What is required:
What you return must be the exact lines of the material below, from the first through the one that has "BMW M2 BMW M2", with no pictures and, please, nothing else.

Task input:
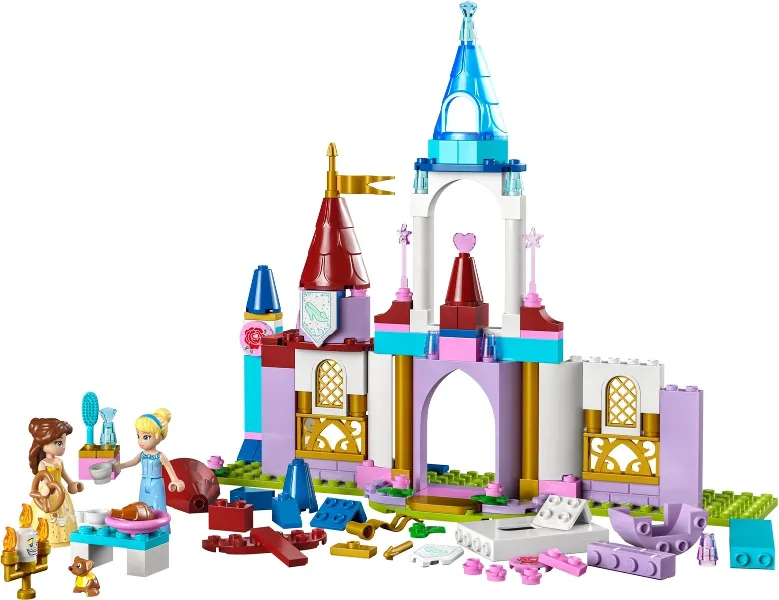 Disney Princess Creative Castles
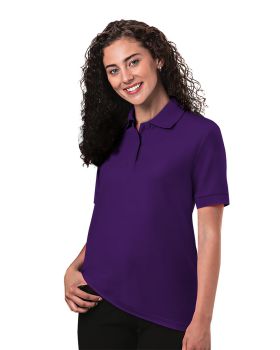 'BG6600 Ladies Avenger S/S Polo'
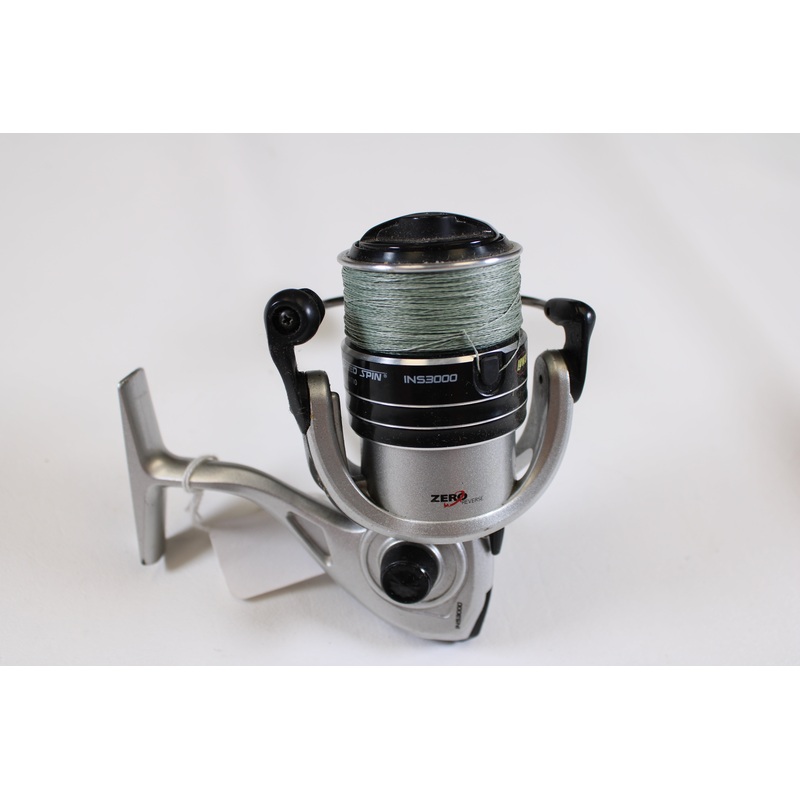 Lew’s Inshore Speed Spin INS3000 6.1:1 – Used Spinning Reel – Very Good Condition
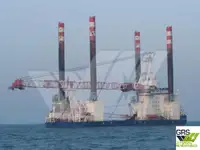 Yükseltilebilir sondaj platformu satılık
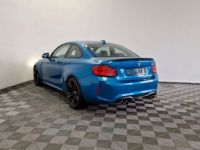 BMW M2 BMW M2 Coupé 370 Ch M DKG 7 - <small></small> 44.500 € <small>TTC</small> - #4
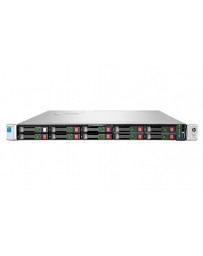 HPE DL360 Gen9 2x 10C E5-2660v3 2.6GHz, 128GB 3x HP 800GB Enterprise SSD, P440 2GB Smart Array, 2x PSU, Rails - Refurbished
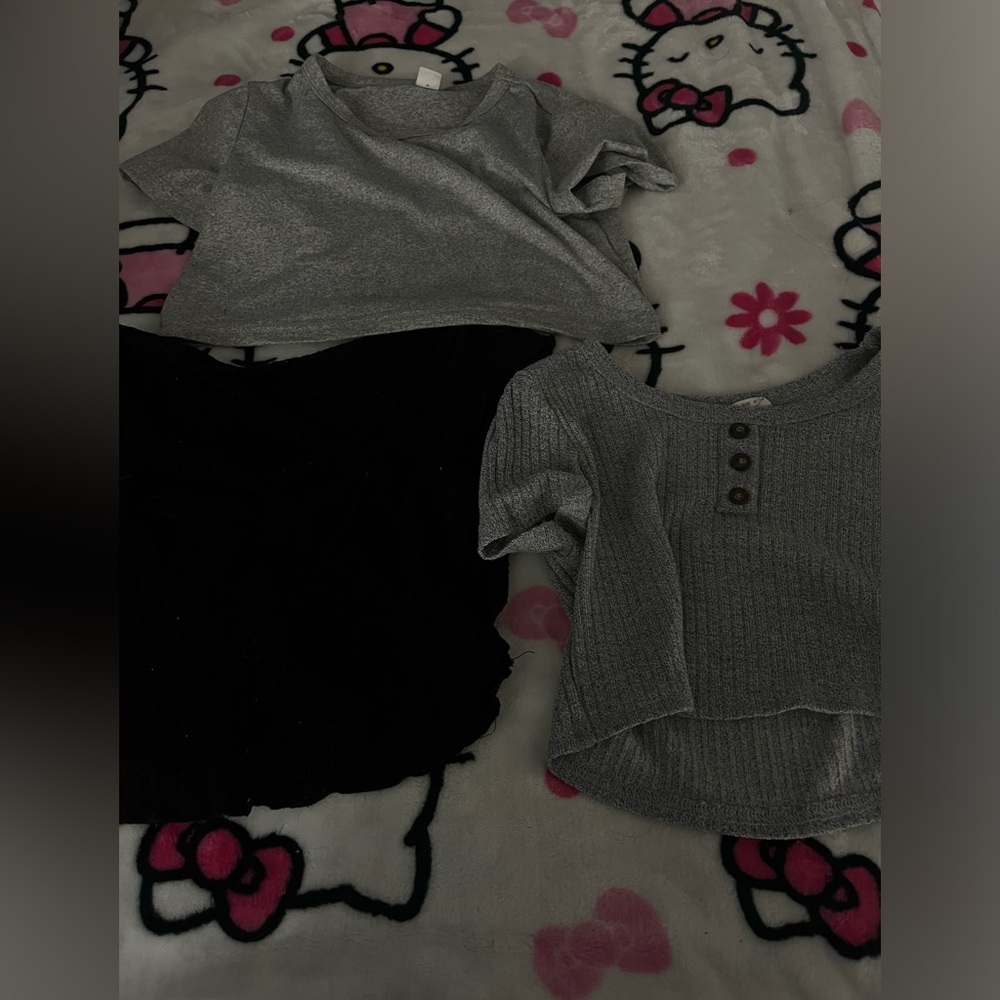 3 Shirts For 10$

Completed exercise:
 Disney Princess Creative Castles
 'BG6600 Ladies Avenger S/S Polo'
 Lew’s Inshore Speed Spin INS3000 6.1:1 – Used Spinning Reel – Very Good Condition
 Yükseltilebilir sondaj platformu satılık
 BMW M2 BMW M2 Coupé 370 Ch M DKG 7 - <small></small> 44.500 € <small>TTC</small> - #4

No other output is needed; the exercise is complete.